Re: oracle clusterware: stonith

  • From: "Jeremy Paul Schneider" <jeremy.schneider@xxxxxxxxxxxxxx>
  • To: raindoctor@xxxxxxxxx
  • Date: Tue, 26 Jun 2007 10:44:13 -0500

Depends on your definition of "stonith" I guess.  :)  Oracle does seem to
like redefining terms (like, say, "grid" computing...)  Seems like the
linux-ha project was using the term before Oracle though and they usually
refer to hardware (power) based solutions.  And most other people seem to
mean the same thing.  This technique is not used by RAC directly (although
Oracle can integrate with vendor-based clusterware that might support it).
Oracle clusterware itself definitely doesn't do that though.

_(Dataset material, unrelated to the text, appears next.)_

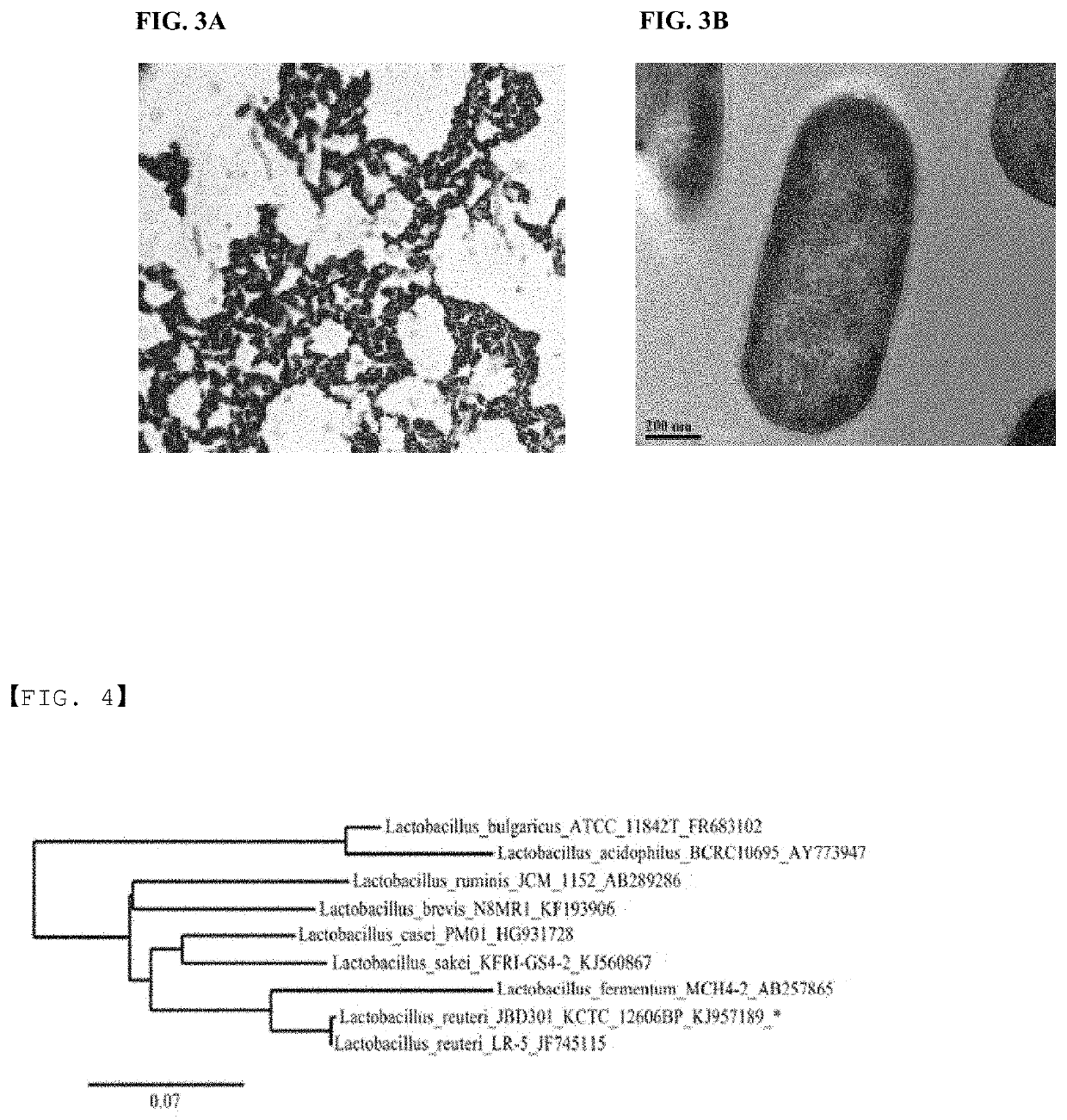 Strain having ability to inhibit obesity and pharmaceutical composition containing same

Kevin's point was that a local userland-based reset is not failsafe.  (He's
not talking about hangcheck-timer but rather CRS-based reboots - by the way
it's CRITICAL that you run hangcheck-timer on linux/RAC deployments.)  CRS
doesn't reboot right away and doesn't stop requests that are queued in the
scsi drivers from hitting disk.

However he kinda skips past hangcheck-timer.  To be fair it's really a race
condition... there are two userland processes, the process updating the
hangcheck clock and the CRS process.  If neither can get processor time then
the machine reboots.  If both can get processor time then the machine
reboots.  The main problem would be if hangcheck gets processor time but CRS
does not.

Also, that situation by itself is not yet a split-brain.  On RAC you won't
get corruption until the first node has performance instance recovery.  Up
until that point the cluster just hangs until it has figured out the cluster
status.  So it's another race condition - the critical question is not how
long it takes Oracle to reboot the node but rather what's the relationship
between rebooting node 1 and node 2 starting recovery.  It would be a
problem if the alive node starts recovery, but the "dead" node isn't
completely "dead" yet.  Power-based solutions are simple and guranteed.
Software-based solutions are way more complicated.  I tend to think that
simple is better.

As Barb pointed out in the presentation the default timeout for CRS is 200s
- or 600s if you're using vendor clusterware.  If anything then this also
reinforces Kevin's paper awhile ago about clusterware... saying that
vendor-based clusterware is FAR from being out of the game.  I think that
this is one clear advantage of using something like serviceguard or hacmp -
more mature clusterware.

Also, as a disclaimer, I've worked a fair amount with RAC but I don't
consider myself an "expert"...  there are lurkers on oracle-l that know a
lot more than I do.  And I don't know the exact mechanics of every failure
situation in RAC.

Just my two cents...

-Jeremy



On 6/25/07, Pedro Espinoza <raindoctor@xxxxxxxxx> wrote:

Does oracle clusterware remotely power reset? If I recall correctly
from what I have read from Kevin Closson's blog, it is not so.
However, this presentation by an oracle insider claims that they
support stonith.

On slide 11:

IO fencing via stonith algorithm (remote power reset).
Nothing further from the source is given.